PNN – A Hebrew media outlet reported that the Qataris, acting as Volkswagen shareholders, blocked a contract with an Israeli arms manufacturer.
According to the report of Pakistan News Network; the news and analysis site News1 reported that the Qataris—in their capacity as Volkswagen shareholders—prevented the conclusion of a major agreement between the German company and the Israeli defense firm Rafael.
According to this Hebrew-language media outlet: Qatar’s sovereign wealth fund, a major shareholder in Volkswagen, vetoed a significant, planned agreement with the Israeli defense firm Rafael.
Based on this report—which was also picked up by global news agencies—the government in Doha exercised its voting rights to completely halt this joint military production project on German soil.
The cancelled agreement involved repurposing production lines at an aging Volkswagen plant in Osnabrück—a facility grappling with a severe financial crisis—where the lines were slated to manufacture engines and components for the “Iron Dome” air defense system.
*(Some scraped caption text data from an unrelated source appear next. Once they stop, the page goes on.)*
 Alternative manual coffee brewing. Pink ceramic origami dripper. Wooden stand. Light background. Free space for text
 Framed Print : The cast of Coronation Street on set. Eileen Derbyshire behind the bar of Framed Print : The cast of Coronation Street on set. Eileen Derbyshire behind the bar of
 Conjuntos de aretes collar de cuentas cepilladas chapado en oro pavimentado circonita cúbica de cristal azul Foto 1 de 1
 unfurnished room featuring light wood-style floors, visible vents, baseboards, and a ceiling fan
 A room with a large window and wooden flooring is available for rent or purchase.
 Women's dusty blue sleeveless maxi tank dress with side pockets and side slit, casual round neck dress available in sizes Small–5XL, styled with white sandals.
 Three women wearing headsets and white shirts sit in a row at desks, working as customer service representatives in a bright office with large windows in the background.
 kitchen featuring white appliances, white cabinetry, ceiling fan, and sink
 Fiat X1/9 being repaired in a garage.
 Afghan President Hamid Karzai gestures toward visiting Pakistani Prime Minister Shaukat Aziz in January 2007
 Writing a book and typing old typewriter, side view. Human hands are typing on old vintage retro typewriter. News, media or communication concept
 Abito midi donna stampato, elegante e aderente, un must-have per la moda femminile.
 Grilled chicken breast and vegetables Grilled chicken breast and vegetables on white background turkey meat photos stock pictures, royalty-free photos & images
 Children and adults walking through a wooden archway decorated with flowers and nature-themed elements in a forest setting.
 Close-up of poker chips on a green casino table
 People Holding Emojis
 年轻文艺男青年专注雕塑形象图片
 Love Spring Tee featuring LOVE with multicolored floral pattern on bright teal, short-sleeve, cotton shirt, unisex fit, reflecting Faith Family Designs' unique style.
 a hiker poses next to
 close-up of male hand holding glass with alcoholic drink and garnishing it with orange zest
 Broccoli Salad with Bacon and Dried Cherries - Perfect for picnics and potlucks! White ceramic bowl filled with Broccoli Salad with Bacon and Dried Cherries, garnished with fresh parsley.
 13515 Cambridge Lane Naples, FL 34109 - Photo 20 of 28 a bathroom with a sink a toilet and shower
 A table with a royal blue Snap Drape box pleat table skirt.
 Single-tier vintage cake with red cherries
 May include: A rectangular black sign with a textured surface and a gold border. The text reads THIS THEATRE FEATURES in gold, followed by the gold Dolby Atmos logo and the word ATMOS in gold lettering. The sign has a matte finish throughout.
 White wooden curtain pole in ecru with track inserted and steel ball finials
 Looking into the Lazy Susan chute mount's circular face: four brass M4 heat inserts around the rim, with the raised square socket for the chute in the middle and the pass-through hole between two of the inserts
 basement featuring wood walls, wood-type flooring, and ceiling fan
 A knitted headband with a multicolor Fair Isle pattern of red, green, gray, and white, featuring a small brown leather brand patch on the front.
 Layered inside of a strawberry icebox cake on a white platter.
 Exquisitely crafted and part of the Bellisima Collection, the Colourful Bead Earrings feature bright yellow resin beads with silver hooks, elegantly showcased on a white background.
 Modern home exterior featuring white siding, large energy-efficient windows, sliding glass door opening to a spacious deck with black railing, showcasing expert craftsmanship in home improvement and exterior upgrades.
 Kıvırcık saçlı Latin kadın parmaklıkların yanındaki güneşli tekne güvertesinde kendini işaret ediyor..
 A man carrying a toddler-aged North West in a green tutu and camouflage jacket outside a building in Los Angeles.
The Qatar Investment Authority, which holds a 17 percent voting stake in the automaker, refused to agree to a direct business relationship with an Israeli military company.
This decision by Qatar deals a significant blow to Volkswagen’s management and the German government, both of which viewed the deal as a strategic move.
European experts are now warning about the growing dependence of the continent’s key industries on capital flowing from the Persian Gulf states.
Israeli media reported that, following the collapse of negotiations in Germany, Rafael has initiated advanced talks with military companies in India to establish alternative production lines for interceptor missiles outside the borders of occupied Palestine and the United States.